Pisaca es una de las artistas canarias referentes en el estilo surrealista contemporáneo. Su obra se caracteriza por reflejar otros mundos que, confiesa, cree que existen. Por eso utiliza el lienzo como excusa para reflejar, canalizar, esas otras realidades. Son paisajes internos que aparecen en su vida diaria y que compone a través de signos y personajes corpóreos y espirituales. Es la conexión que mantiene, dice, con el arcángel Rafael, el responsable de sanar al ser humano y a los animales, y de cuidar a la Tierra de los males que la acechan. Experiencias místicas, esotéricas que se componen, también, con el Cristianismo aunque no sea creyente. Descubrimos, entonces, una serie de belenes flotantes y un cielo de cristal que visiona el amor. Es la magia de unos horizontes que existen en la mirada trascendente de la artista. Son viajes mentales que conectan mundos disociados y sensibles.
«En Tenerife soy un poco maldita»
«El conflicto me persigue»
«Mi sino es dar por saco»
El camino de Amelia Pisaca es muy personal. Probablemente porque no encaja entre «tanta sinvergüencería terrenal». Odia, así, con todas las letras, la sociedad institucional. Se rebela contra los corsés impuestos. Está harta. Y el arte no escapa a su crítica. Afirma que la creación se ha convertido en un «sarcófago helado». Frío, mucho frío. «Paso por una galería y no me dan ganas de entrar», subraya. Su apuesta, en cambio, es cálida. Propone atmósferas comunicativas, alegres, histriónicas, voladas de mente. Libertad, fraternidad y, claro, igualdad. Es feminista, pero no de las instaladas en el politburó, en lo más de lo mismo. Se trata de romper moldes, barreras, no de asentarse en la institución. La artista tinerfeña es punk. Contracultura y sentido del humor.

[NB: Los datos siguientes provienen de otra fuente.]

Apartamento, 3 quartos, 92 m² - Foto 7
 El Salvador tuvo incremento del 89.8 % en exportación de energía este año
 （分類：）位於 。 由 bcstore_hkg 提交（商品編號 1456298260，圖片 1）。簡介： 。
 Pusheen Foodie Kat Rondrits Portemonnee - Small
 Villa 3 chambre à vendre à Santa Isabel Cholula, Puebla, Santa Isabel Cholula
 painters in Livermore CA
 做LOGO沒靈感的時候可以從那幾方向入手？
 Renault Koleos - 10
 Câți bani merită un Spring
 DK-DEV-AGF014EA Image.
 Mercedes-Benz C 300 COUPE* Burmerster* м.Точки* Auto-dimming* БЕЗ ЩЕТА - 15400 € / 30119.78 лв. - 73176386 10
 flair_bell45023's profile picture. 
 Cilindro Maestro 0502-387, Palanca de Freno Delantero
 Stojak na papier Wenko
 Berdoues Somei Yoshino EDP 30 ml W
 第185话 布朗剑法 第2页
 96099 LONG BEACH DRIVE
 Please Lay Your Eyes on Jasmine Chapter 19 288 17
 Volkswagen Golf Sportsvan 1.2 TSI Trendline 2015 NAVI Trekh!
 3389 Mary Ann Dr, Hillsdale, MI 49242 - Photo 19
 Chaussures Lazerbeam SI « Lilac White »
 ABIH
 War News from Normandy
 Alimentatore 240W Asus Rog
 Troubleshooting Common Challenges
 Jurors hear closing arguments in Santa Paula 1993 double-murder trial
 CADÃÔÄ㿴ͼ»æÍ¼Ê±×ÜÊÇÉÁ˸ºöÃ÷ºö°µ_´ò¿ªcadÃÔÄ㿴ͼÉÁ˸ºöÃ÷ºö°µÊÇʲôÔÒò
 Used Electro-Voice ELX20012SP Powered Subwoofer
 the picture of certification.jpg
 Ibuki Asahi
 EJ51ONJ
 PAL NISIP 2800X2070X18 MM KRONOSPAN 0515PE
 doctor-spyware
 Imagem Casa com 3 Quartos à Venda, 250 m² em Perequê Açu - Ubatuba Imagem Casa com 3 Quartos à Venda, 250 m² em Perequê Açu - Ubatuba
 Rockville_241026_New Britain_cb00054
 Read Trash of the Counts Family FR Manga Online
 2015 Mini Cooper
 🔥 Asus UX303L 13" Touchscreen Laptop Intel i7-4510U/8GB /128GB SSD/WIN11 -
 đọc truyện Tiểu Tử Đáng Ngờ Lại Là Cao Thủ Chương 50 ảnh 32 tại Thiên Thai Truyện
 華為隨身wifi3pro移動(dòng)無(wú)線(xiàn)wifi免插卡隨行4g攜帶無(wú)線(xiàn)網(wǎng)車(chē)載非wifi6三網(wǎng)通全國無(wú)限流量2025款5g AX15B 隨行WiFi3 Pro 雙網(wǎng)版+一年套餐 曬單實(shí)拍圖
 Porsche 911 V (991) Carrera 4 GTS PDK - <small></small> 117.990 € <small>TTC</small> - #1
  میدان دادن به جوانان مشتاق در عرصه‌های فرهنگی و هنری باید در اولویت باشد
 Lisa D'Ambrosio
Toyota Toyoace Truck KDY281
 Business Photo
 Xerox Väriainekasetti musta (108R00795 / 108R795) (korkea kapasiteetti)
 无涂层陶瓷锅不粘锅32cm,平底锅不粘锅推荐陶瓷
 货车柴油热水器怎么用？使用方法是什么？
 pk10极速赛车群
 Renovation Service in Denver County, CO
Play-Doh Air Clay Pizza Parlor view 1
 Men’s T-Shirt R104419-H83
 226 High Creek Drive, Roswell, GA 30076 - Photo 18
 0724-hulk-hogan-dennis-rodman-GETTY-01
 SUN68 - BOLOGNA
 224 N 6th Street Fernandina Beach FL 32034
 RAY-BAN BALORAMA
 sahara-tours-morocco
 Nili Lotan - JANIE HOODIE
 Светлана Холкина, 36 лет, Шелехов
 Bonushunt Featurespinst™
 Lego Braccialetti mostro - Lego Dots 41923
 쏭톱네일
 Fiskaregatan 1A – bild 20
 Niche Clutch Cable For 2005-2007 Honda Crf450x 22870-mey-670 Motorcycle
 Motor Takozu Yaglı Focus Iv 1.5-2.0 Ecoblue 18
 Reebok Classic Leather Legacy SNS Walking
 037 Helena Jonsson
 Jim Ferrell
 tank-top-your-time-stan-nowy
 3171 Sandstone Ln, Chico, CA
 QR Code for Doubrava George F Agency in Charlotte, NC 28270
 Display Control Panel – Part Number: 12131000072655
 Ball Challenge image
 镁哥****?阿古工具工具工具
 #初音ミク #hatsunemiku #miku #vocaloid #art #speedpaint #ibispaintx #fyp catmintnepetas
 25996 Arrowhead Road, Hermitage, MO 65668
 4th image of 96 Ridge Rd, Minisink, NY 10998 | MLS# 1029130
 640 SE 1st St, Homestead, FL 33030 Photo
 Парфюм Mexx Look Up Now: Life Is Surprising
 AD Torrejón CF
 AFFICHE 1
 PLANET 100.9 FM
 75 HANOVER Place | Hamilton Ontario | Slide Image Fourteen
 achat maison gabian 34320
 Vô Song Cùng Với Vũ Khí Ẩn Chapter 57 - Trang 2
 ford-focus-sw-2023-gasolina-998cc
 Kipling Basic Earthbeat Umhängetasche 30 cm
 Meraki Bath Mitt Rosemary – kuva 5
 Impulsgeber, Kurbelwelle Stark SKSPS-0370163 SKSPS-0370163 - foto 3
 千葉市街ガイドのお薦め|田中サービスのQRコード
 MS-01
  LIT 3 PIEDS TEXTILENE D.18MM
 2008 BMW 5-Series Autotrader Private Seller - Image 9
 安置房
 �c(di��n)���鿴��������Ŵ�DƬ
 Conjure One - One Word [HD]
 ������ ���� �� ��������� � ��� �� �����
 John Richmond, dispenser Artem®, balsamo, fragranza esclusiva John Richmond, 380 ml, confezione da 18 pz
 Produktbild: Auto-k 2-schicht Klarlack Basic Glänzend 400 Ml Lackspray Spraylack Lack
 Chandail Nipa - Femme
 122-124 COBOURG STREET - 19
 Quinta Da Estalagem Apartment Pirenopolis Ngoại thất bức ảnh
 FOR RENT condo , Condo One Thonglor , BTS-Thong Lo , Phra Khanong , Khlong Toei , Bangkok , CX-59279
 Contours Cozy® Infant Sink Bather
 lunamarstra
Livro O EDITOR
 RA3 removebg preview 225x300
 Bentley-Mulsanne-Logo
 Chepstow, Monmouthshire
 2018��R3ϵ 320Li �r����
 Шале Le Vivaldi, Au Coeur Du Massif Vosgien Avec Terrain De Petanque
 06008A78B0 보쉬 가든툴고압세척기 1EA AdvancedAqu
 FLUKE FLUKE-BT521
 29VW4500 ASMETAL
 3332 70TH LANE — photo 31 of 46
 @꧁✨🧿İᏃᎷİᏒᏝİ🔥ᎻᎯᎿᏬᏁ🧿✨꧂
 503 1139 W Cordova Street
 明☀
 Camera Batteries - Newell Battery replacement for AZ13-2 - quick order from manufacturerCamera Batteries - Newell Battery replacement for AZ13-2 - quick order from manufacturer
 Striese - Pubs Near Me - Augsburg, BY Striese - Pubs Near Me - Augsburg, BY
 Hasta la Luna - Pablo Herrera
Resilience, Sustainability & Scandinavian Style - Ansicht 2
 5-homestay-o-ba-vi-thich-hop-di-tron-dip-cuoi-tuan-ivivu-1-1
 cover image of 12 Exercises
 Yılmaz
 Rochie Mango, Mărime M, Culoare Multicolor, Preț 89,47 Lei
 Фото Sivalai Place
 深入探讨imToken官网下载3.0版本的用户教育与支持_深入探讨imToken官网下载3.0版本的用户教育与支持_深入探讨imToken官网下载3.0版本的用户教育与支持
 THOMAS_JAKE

Amelia es incómoda. Asegura que el conflicto la persigue y que en Tenerife es un poco maldita. «Mi sino es dar por saco», sentencia. Habla claro, pero sin ardimiento ni aspavientos de galería. Más bien susurra. Seduce. Sosiego implacable.
La travesía de la hacedora es beligerante. No obstante, pese a los envites, después de más de treinta años en el oficio vive de la pintura. Reivindicación estética. Y vital.